I don't like to think about work when I'm not actually there, so I tend to drop an idea like that the minute I'm not in the office. There is so much stress at work. I was walking around the other day and I noticed how miserable people seem to be. There is only so much flowers, ice tea and stair walking can improve. Work is work. Are some of my co-workers not taking care of themselves because being healthy just means more time at a job they don't like? A greater purpose in life, and the good health needed to carry it out, seem to go hand in hand.

Saturday, May 16, 2009

Nutrients interacting with Genes

Reading this information in an American Institute of Cancer research newsletter made me sit up and take notice: "Choline deficiency can cause liver and muscle damage. The nutrient - found in eggs, meat and wheat germ- is also linked to influencing the risks of certain cancers, such as breast and colon." The article goes on to say that people with a certain gene variant are 15 times more likely to develop a deficiency following a choline- free diet as people without the gene. They did a study, putting people on a choline free diet for 42 days, or, until they showed "signs of liver and muscle damage." (Doesn't say how they saw evidence of this damage.)

This astonishes me, just the idea you could potentially damage your body by abstaining from eggs, meat and wheat germ. Does this mean, if you are following a vegan, gluten - free diet, you could be damaging our health? The point of the article is that diet interacts with genes in unpredictable ways - some people can lead long, healthy lives eating junk food, others can't.

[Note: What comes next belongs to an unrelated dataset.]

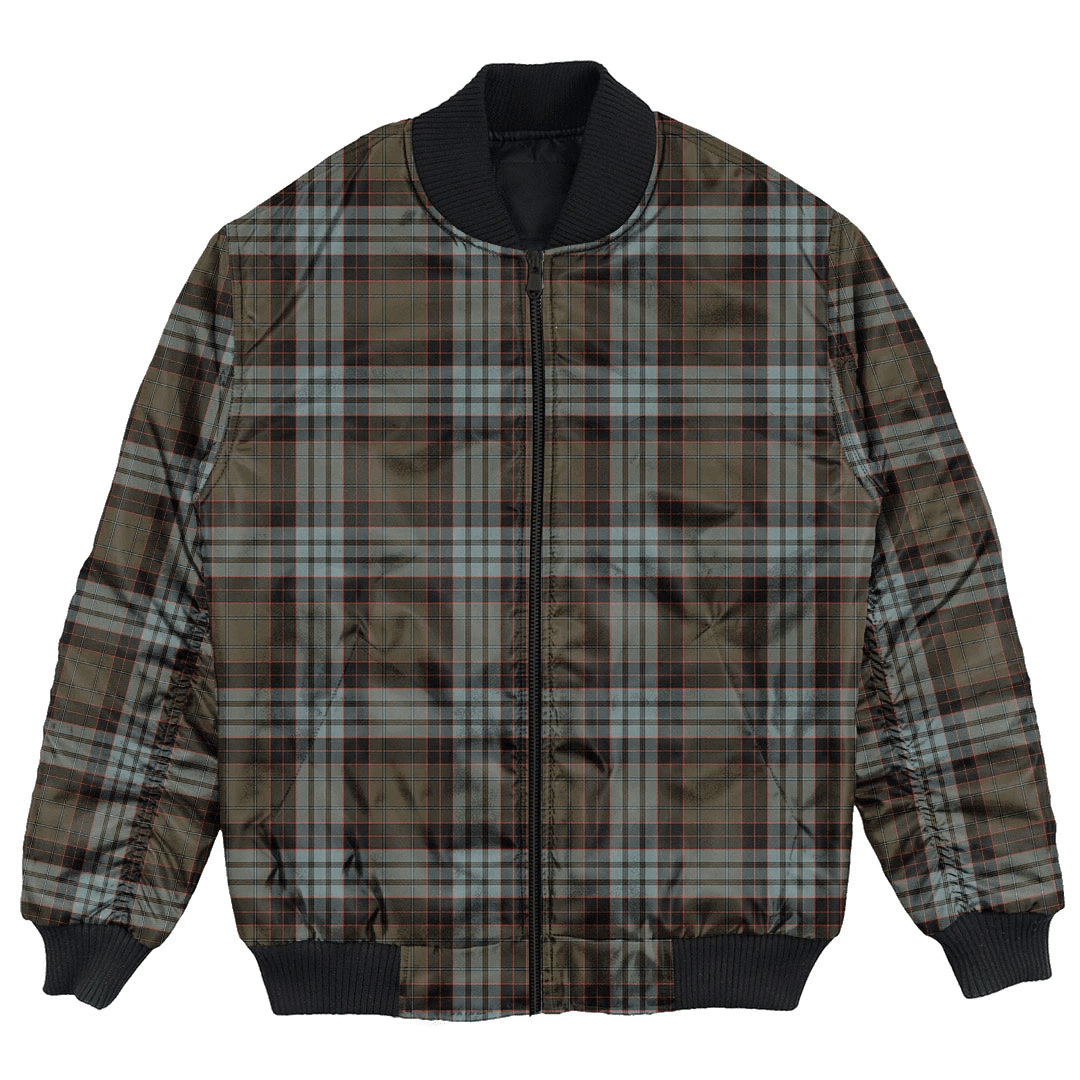 Clan Stewart Old Weathered Tartan Bomber Jacket MH16 Stewart Old Weathered Tartan Tartan Bomber Jacket   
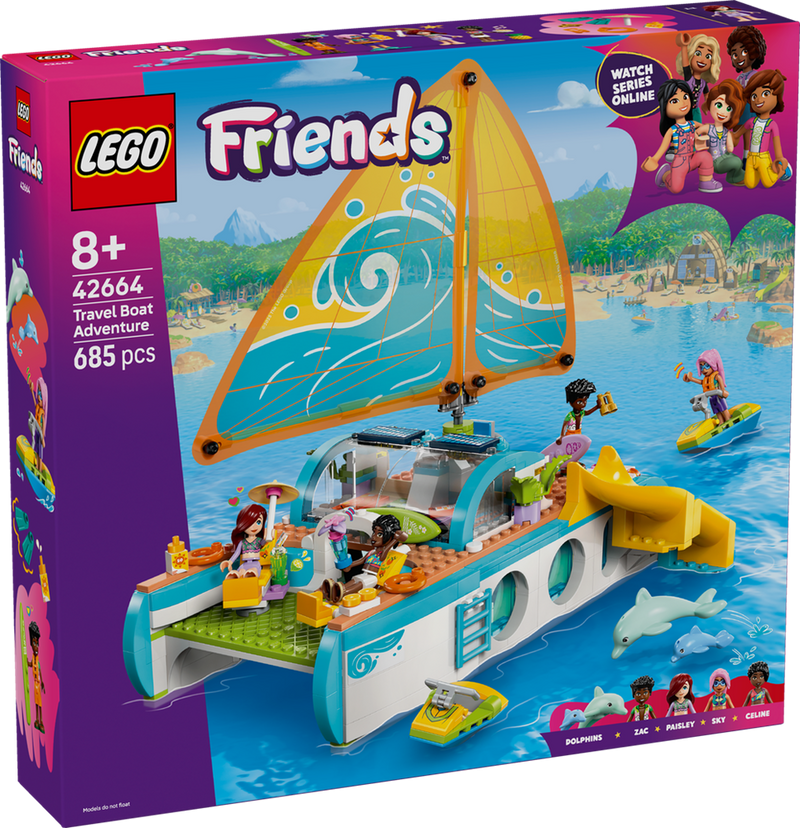 LEGO Friends Travel Boat Adventure 42664 (9003633049837)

But what astonishes me is how being deficient in a certain nutrient can affect your body so quickly and raise your risk of developing a disease over the long term. For all the nutritional advice I have read, its still hard for me to wrap my mind around the connection between the food we ingest and the mysterious workings of our tissues, cells and organs. You can go all over the 'net reading recipes and general weight loss advice, but actual information about how specific foods interact with our genes, and influence our health, is harder to find.